It is indeed instructive that He should have suffered this affront, immediately upon being recognized as the Messiah. But the explanation will not be found in the notion, which Milton has popularized, that only now Satan was assured of the urgent necessity for attacking Him:
"That heard the adversary . . . and with the voice Divine
Nigh thunderstruck, the exalted Man, to whom
Such high attest was given, awhile surveyed
With wonder."
As if Satan forgot the marvels of the sacred infancy. As if the spirits who attack all could have failed to identify, after thirty years of defeat, the Greater One whom the Baptist had everywhere proclaimed. No. But Satan admirably chose the time for a supreme effort. High places are dizzy, and especially when one has just attained them; and therefore, it was when the voice of the herald and the Voice from the heavens were blended in acclaim, that the Evil One tried all his arts. He had formerly plunged Elijah into despair and a desire to die, immediately after fire from heaven responded to the prophet’s prayer. Soon after this, he would degrade Peter to be his mouthpiece, just when his noblest testimony was borne, and the highest approval of his Lord was won. In the flush of their triumphs, he found his best opportunity; but Jesus remained unflushed, and met the first recorded temptation, in the full consciousness of Messiahship, by quoting the words which spoke to every man alike, and as man.

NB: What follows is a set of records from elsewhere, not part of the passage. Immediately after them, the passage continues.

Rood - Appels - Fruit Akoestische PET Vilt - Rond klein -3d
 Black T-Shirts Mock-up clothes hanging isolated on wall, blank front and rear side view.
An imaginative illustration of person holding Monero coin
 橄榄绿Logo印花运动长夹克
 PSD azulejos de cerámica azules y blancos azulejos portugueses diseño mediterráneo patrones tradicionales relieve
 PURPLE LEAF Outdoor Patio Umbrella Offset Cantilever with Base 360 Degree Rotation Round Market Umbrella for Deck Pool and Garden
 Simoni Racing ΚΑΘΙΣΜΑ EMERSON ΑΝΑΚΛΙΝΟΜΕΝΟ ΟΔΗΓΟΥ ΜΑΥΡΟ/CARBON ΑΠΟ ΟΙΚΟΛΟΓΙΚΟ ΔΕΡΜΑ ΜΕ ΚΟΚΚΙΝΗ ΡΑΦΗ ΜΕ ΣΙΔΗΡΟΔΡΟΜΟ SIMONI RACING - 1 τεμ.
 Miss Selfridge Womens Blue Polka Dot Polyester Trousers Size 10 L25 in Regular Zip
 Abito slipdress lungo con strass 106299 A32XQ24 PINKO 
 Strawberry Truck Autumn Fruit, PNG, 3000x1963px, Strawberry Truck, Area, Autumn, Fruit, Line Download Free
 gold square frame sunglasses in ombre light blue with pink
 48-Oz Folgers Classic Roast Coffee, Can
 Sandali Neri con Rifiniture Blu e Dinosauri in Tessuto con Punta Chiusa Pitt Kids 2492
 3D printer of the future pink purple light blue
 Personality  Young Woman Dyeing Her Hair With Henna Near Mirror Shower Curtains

Jesus’ temptation by Satan
After His baptism Jesus went forward in the power of the Spirit and at once (euthys, immediately) the Spirit sent Him farther out into the desert region. The word sent is from a strong verb (ekballō) meaning drive out, expel, send away. Mark used it to denote the expulsion of demons (Mark 1:34, 1:39; 3:15, 3:22-23; 6:13; 7:26; 9:18, 9:28, 9:38). Here it reflects Mark’s forceful style (cf. led, Mat. 4:1; Luke 4:1). The thought is that of strong moral compulsion by which the Spirit led Jesus to take the offensive against temptation and evil instead of avoiding them. The desert (erēmos cf. Mark 1:4) region, dry uninhabited places, was viewed traditionally as the haunt of evil powers (cf. Mat. 12:43; Luke 8:29; 9:24). The traditional temptation site is northwest of the Dead Sea immediately west of Jericho.